A McKenzie Friend (MF) is someone who assists an unrepresented person in court. They can be a lawyer, but they are not a substitute for a lawyer. So lawyer or not, when acting as a MF they may not address the court; they can take notes, organise papers, whisper quietly to and generally assist the litigant. McKenzie v McKenzie (1970) 3 W.L.R 472 was a family law case and MFs are more common in family and guardianship matters, but they may be permitted in any court where an unrepresented person needs assistance to ensure fairness. However, some MFs are overbearing do-gooders, or bush lawyers, who cause disruption and delay rather than actually assist and will not be permitted to remain. In guardianship hearings where there is no right of representation, a lawyer can act as a MF.
Detailed Letters of Advice for Binding Child Support Agreements have been added to the Children publication in Family Law with one for the “payee” and one for the “payer”. The letters explain Child Support Assessments and the meaning and effect of Binding Child Support Agreements on the client’s rights. Each letter also lists the particular advantages and disadvantages of Binding Child Support Agreements for the “payee” and the “payer”. The “payee” letter explains the advantage of registering the agreement where there are non-periodic payments.
Locate these letters on the Children matter plan in Settling it Early in the Child Support folder.
New commentary on parenting orders in relation to grandparents has been added to the Children publication … Grandparents are entitled to apply for parenting orders pursuant to s 65C, which provides: A parenting order in relation to a child may be applied for by … (ba) a grandparent of the child; or … Whilst grandparents specifically have standing to make an application under the Family Law Act, it does not automatically mean orders will be granted. As with any parenting order, the court will always consider an application by the grandparents through the prism of what is in the best interests of the child: s 60CC.
Also, a new draft order has been added to the library of Children Orders: “Spending time with grandparents”.

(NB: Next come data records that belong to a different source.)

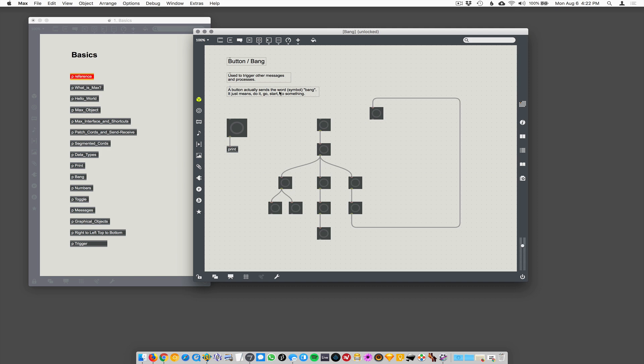You know, symbol, word, thing here. Bang, B-A-N-G. And it just means go, do, start something, make it happen.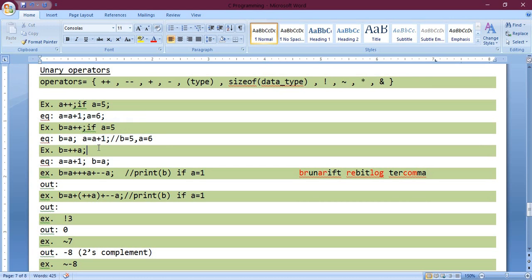The next example is the pre-increment: b = ++a. This means you need to increment the value of a first and then assign it to b. For example, if a equals 5, then from the next line a equals 6 and then b equals 6 as well.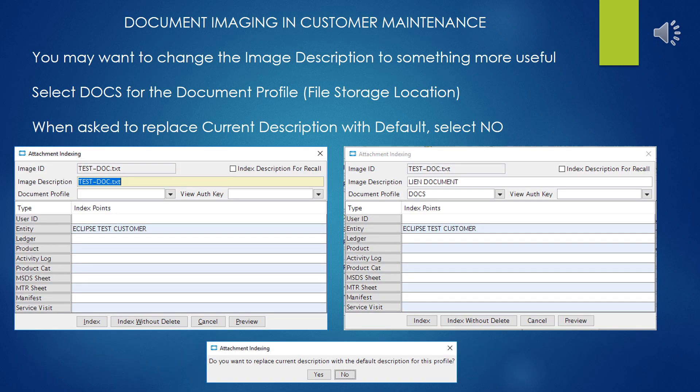Once the document or image is selected, you may want to change the image description to something more useful and descriptive for the next person to come along. Be sure to change the document profile to DOCS to select the appropriate storage location that's the final destination for the file. When prompted whether to replace the current description with the default, select No, or else it will wipe out what you just wrote in the image description.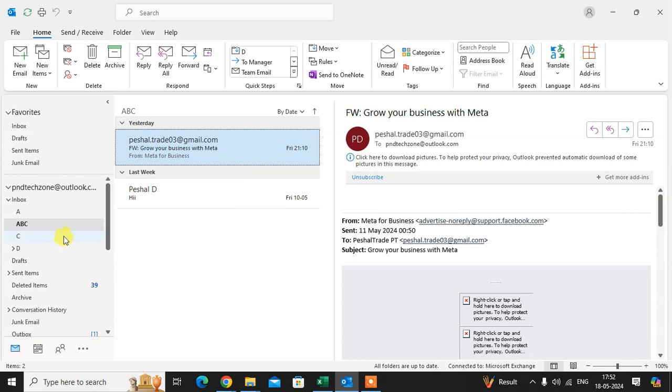In this folder. So the rule is applicable in existing email also.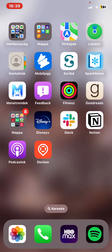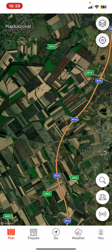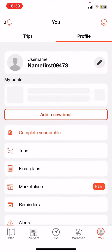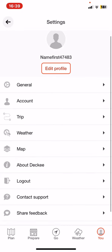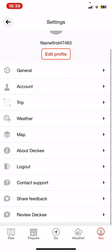First of all, open the application on your phone, and then click on the U button at the bottom of the page on the right, and then click on the settings button at the top of the page on the right, and then click on the weather button.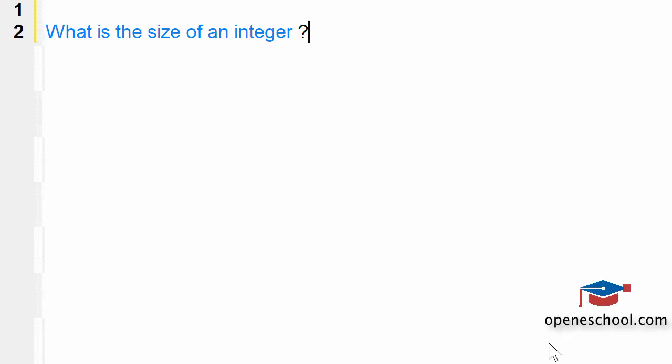In this video tutorial series we are discussing C programming interview questions. The question that we are discussing in this video is what is the size of an integer. This is one of the most common questions that can be asked when you appear for your C programming interview.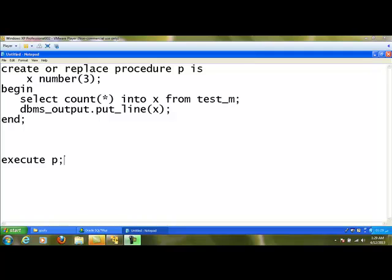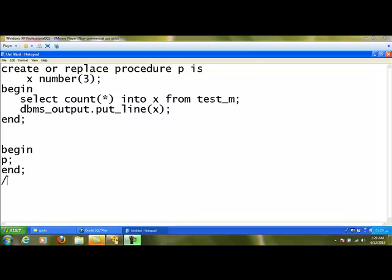If I want to execute this procedure, I go to the SQL statement and type EXECUTE P. This will execute the procedure and display the output. For seeing the output, we also need to type SET SERVEROUTPUT ON, similar to the anonymous block. We have another method: the procedure can be called from another program by writing an anonymous block — BEGIN P; END — and that will also call and execute the procedure.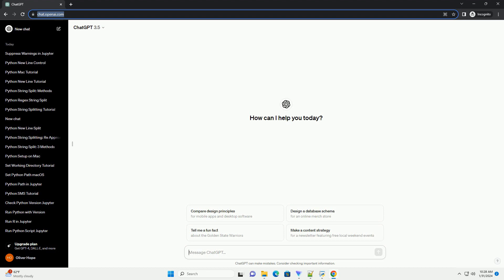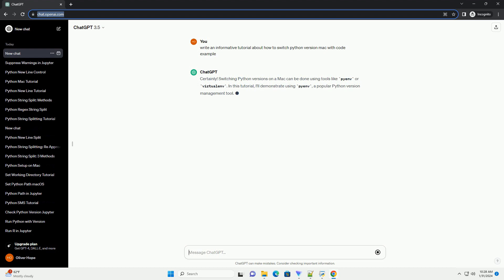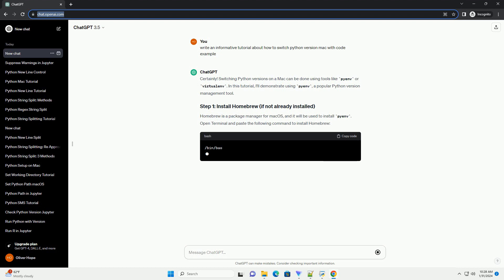Switching Python versions on a Mac can be done using tools like Pyenv or Virtualenv. In this tutorial, I'll demonstrate using Pyenv, a popular Python version management tool. Homebrew is a package manager for macOS, and it will be used to install Pyenv.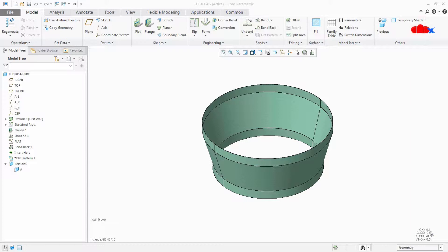Hello friends, Satyendra here. In this video let's create a symbol dimension with a tolerance value.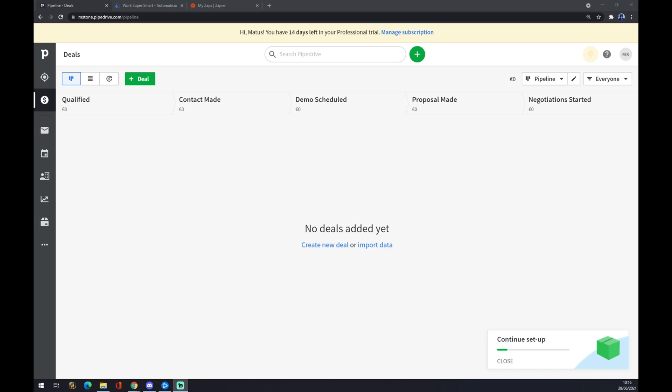Hello guys, my name is Matthew and in today's video I'm going to show you how you can integrate Pipedrive with QuickBooks. First of all, we have to create ourselves an account at pipedrive.com.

The Costs Agreements for the Family Law publications – Property Settlement, Children, Financial Agreements and Divorce – have all been updated for each State and Territory to include the amended Itemised Scale of Costs that takes effect on 1 January 2018.
New Federal Circuit Court practice direction for the management of family law interim proceedings commences 1 January 2018.
The Reference Manual – 101 Family Law Answers is the first of the By Lawyers reference manuals to be updated to the new stylish format.
As well as the new format, two commentaries have been added in the Enforcement chapter.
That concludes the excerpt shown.